Main features of MiMo-V2-Flash
- MoE efficiency with a small active footprint: 309B total parameters but only 15B active per token, which is a big part of why the model is positioned for efficient serving.
- Hybrid attention for long context: The architecture alternates five SWA layers with one global attention layer, using a 128-token window to cut KV-cache cost.
- Multi-token prediction for faster decoding: The model includes 3 MTP layers, and the technical materials describe this as a speed and throughput optimization for generation.
- Built for agentic workflows: Xiaomi positions it for reasoning, coding, and agent use cases, and the evaluation suite includes SWE-Bench, Terminal-Bench, and BrowseComp.
- Long-context support: The repo reports support up to 256K, while the vLLM recipe provides practical serving guidance for lower
max-model-lenvalues depending on memory budget.
Benchmark performance
The base-model table in the repo shows MiMo-V2-Flash performing competitively against larger open models on general knowledge, math, coding, and long-context tasks. The post-training table highlights strong agentic and reasoning results.

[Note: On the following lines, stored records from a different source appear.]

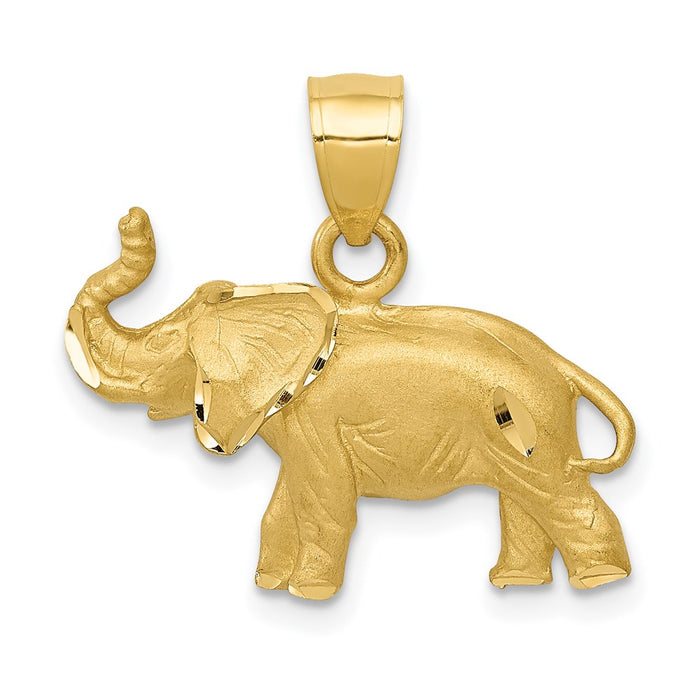 Million Charms 14K Yellow Gold Themed Diamond-Cut Elephant Pendant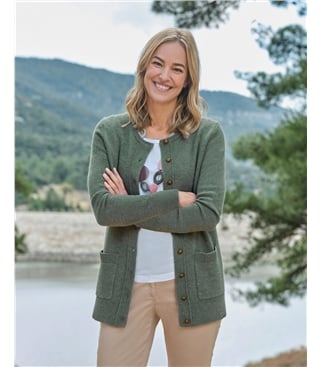 Cardigan à col rond - Femme - Laine d'agneau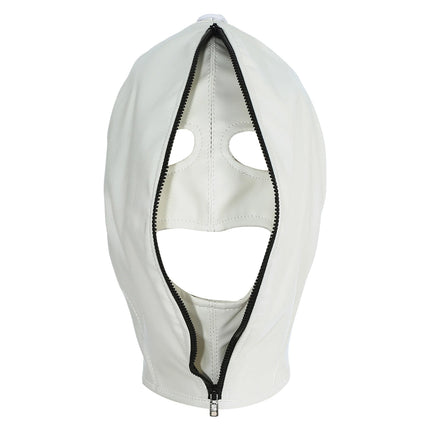 Leather Mask Full Face Double Layer Headgear Zip Head Hood Adjustable Lace-Up Leather Bondage Masks Halloween Cosplay Party Mask
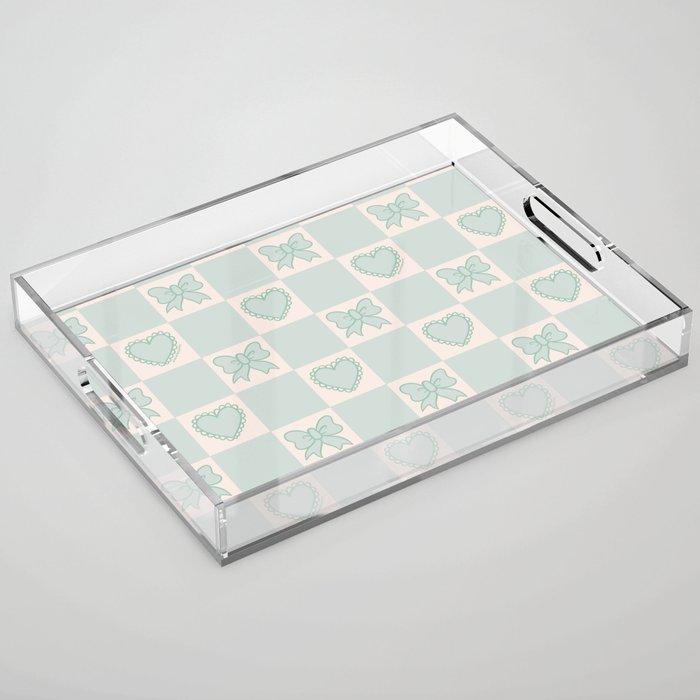 Blue Bow Checkered Print Acrylic Tray Gallery Image 1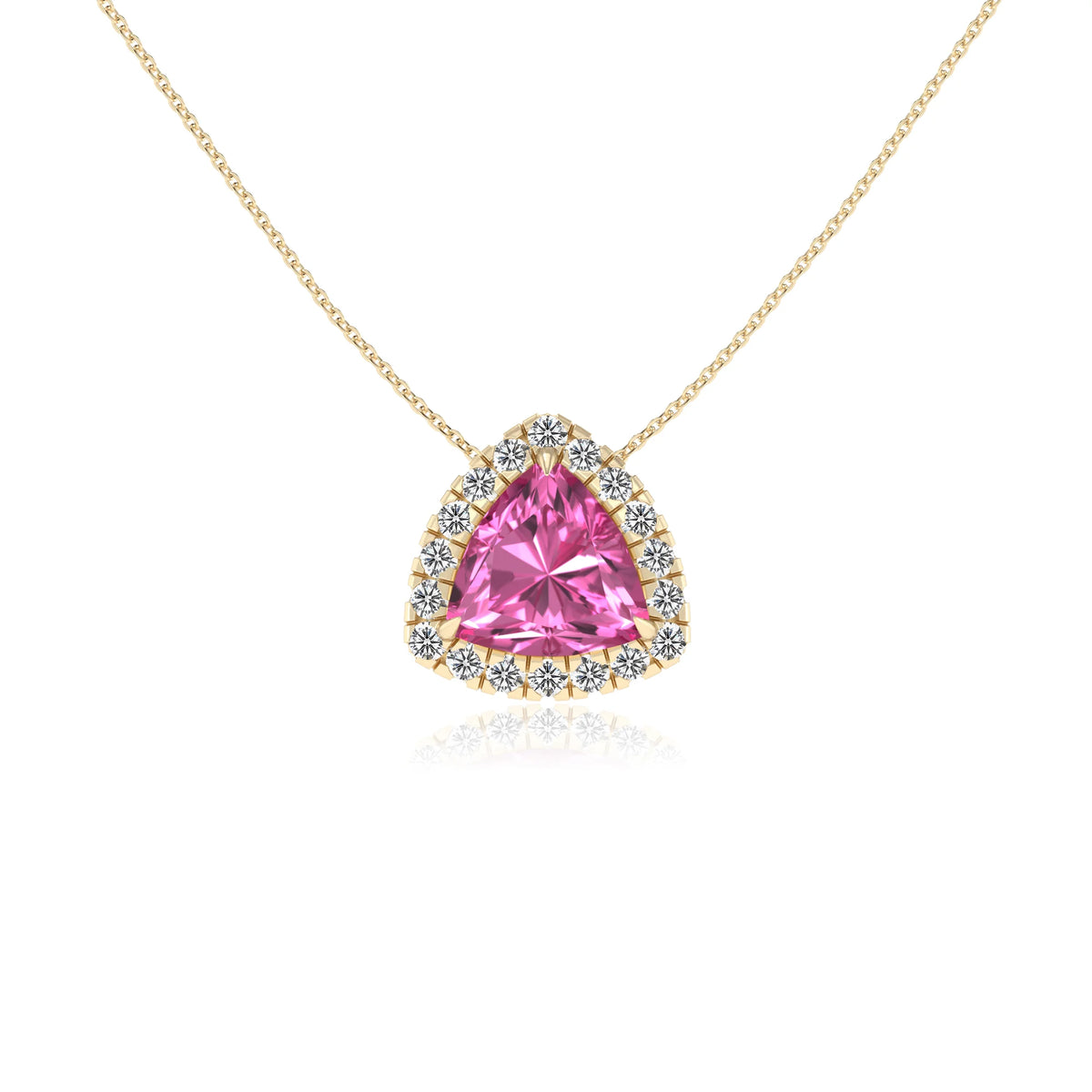 lab grown pink sapphire trillion solitaire necklaces in yellow gold 
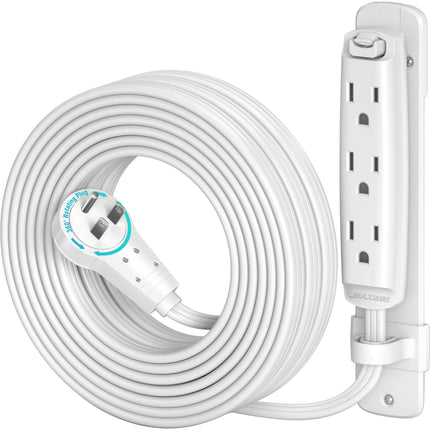 Maximm Cable alargador eléctrico 25 pies 16 AWG triple toma rotatorio blanco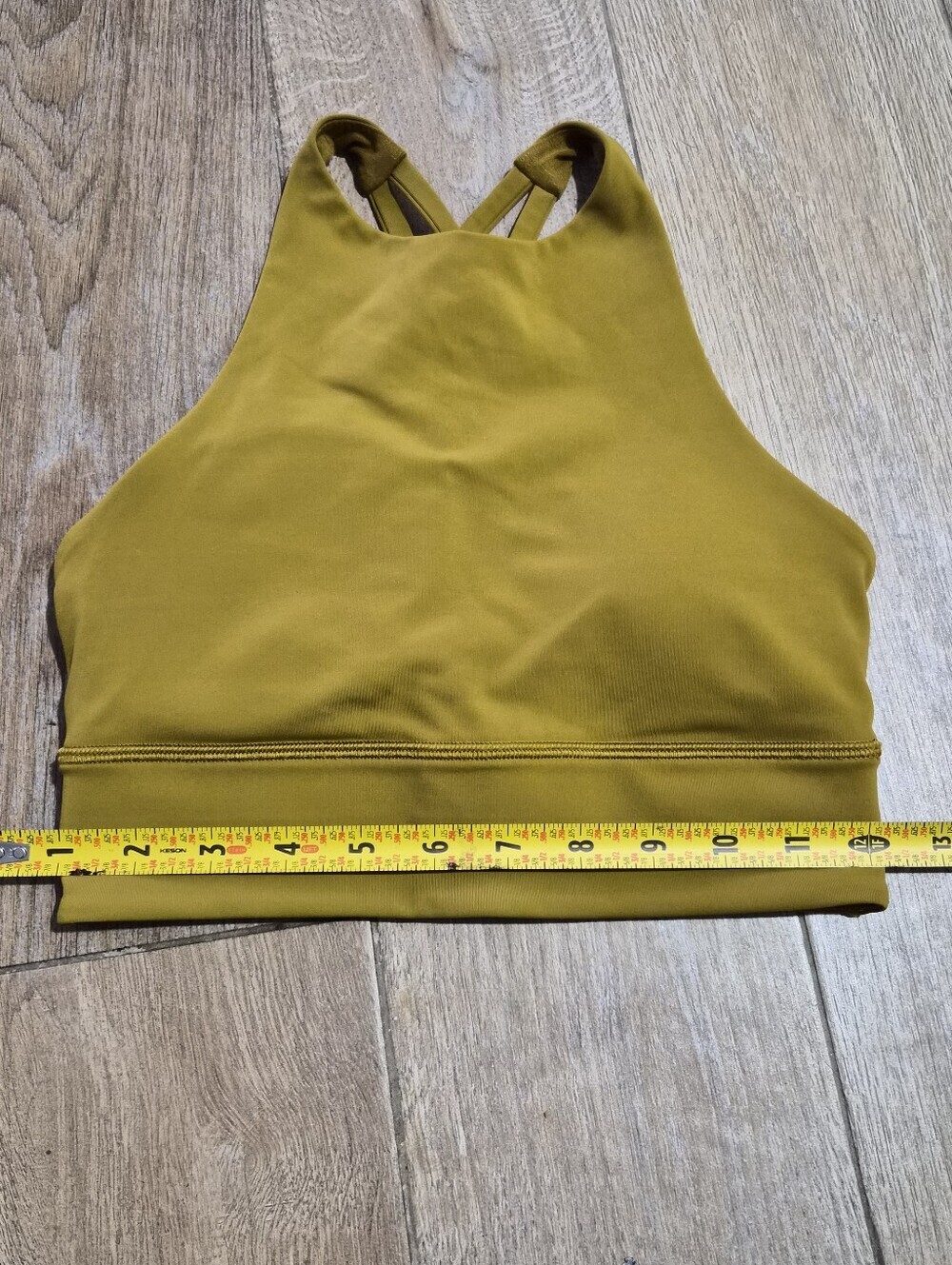 Lululemon Energy High Neck Longline Mustard Yellow Bra Size 4 - Picture 4 of 8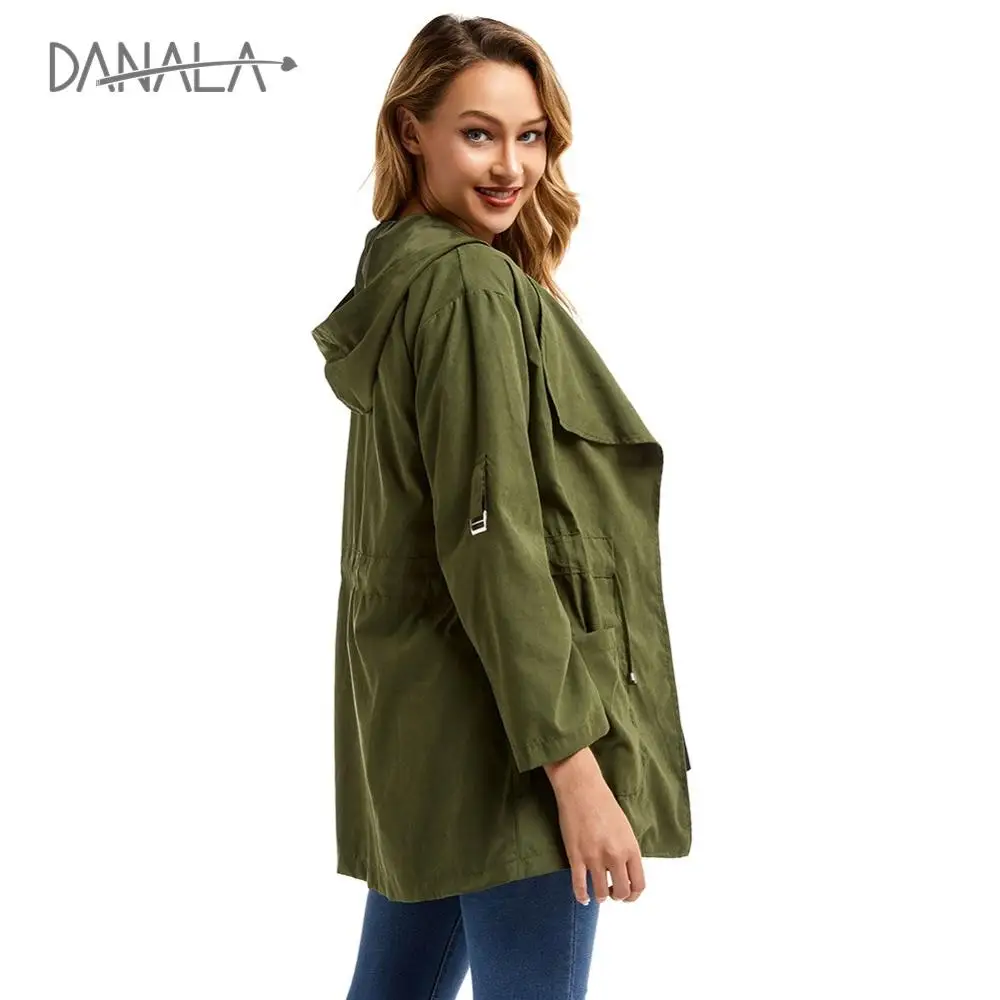 DANALA 2019 модная куртка с капюшоном для женщин новое пальто большим карманом и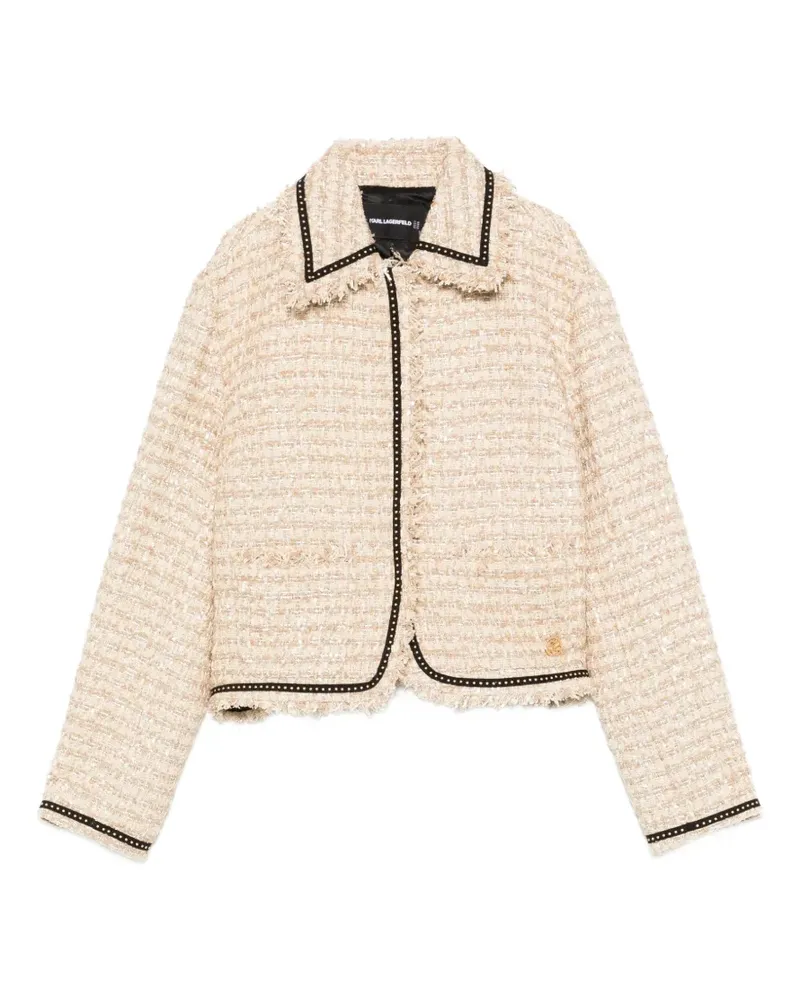 Karl Lagerfeld frayed-trim jacket - Nude Nude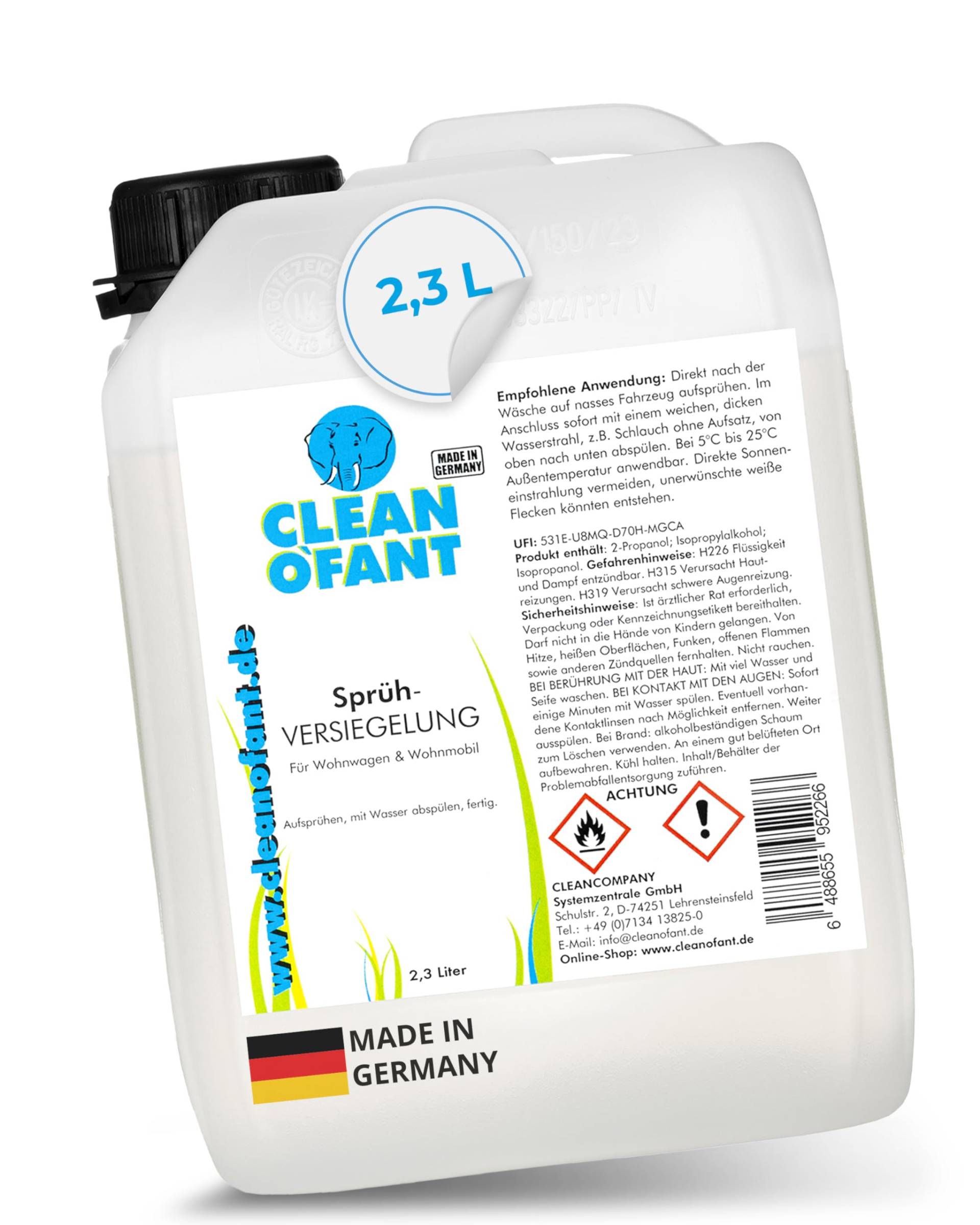 CLEANOFANT Sprüh-VERSIEGELUNG | 2,3 Liter | für Wohnwagen Wohnmobil Caravan | Versiegeln von Lack Gelcoat GFK Strukturblech Wabenblech Dach Folie ideal für große Flächen von CLEANOFANT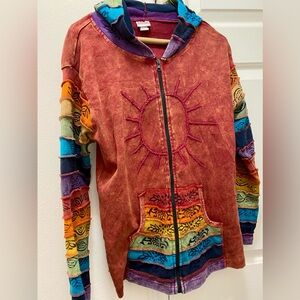 Colorful Sun Embroidered Hoodie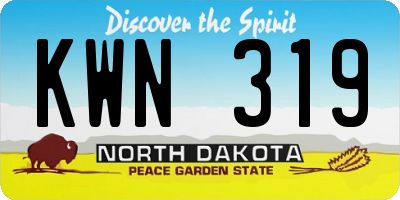 ND license plate KWN319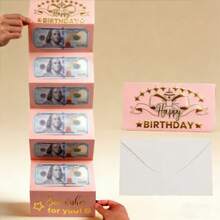 1pc Creative DIY Foldable Red Packet, Birthday Theme Ceremonial Surprise Cash Envelope, Valentine's Day/Birthday Gift Money Holder, Unisex - Single Piece - View 12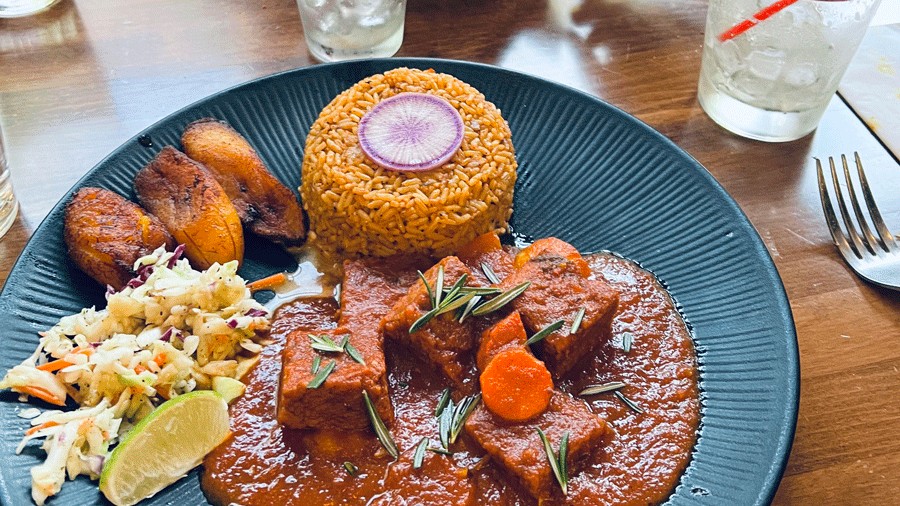 vegan and meat dishes at Akadi, a Portland foodie spot kids will love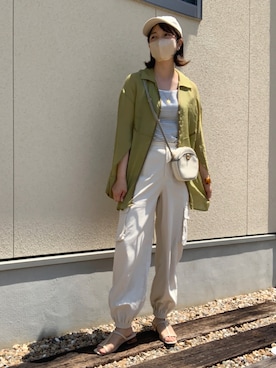 「スクエアトゥ」｜「アイテム（キャップ）」を使った、𝙮𝙪𝙠𝙞さん（レディース・158cm）の春コーディネート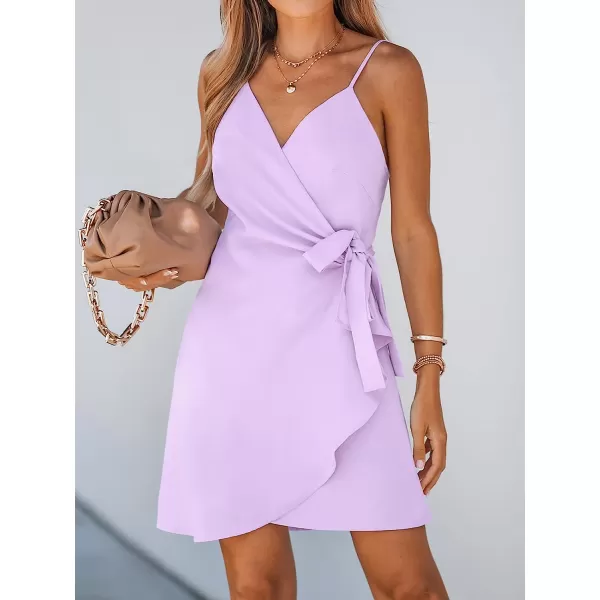 imageCUPSHE Womens V Neck SelfTie Pleated Short Dress Sleeveless Adjustable Cami Straps Mini DressLilac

| Benchmark | MiMo-V2-Flash | What it suggests |
|---|---|---|
| MMLU-Pro | 84.9 | Strong broad reasoning |
| GPQA-Diamond | 83.7 | Solid difficult QA performance |
| AIME 2025 | 94.1 | Strong math reasoning |
| LiveCodeBench-v6 | 80.6 | Competitive coding ability |
| SWE-Bench Verified | 73.4 | Strong software-agent performance |
| SWE-Bench Multilingual | 71.7 | Good multilingual coding/agent coverage |
| Terminal-Bench 2.0 | 38.5 | Useful but not top-of-class on terminal-heavy tasks |
| NIAH-Multi 256K | 96.7 | Long-context retrieval remains strong at 256K |
MiMo-V2-Flash vs nearby reasoning models
| Model | MMLU-Pro | SWE-Bench Verified | Terminal-Bench 2.0 | Notes |
|---|---|---|---|---|
| MiMo-V2-Flash | 84.9 | 73.4 | 38.5 | Efficient open-weight reasoning model |
| Kimi-K2 Thinking | 84.6 | 71.3 | 35.7 | Close on reasoning, weaker on terminal tasks |
| DeepSeek-V3.2 Thinking | 85.0 | 73.1 | 46.4 | Strong terminal performance, similar reasoning tier |
Best use cases
MiMo-V2-Flash fits best when you need a model that can reason over long inputs, help with coding tasks, and stay efficient in production. It is a strong choice for document-heavy RAG, multi-step agent workflows, code assistance, and long-context analysis where serving cost matters.
Limitations
MiMo-V2-Flash is optimized for inference efficiency, so real-world throughput depends on batching, tensor parallelism, and the serving configuration. The vLLM guide also shows that practical max-model-len settings may be lower than the headline 256K depending on memory and latency tradeoffs.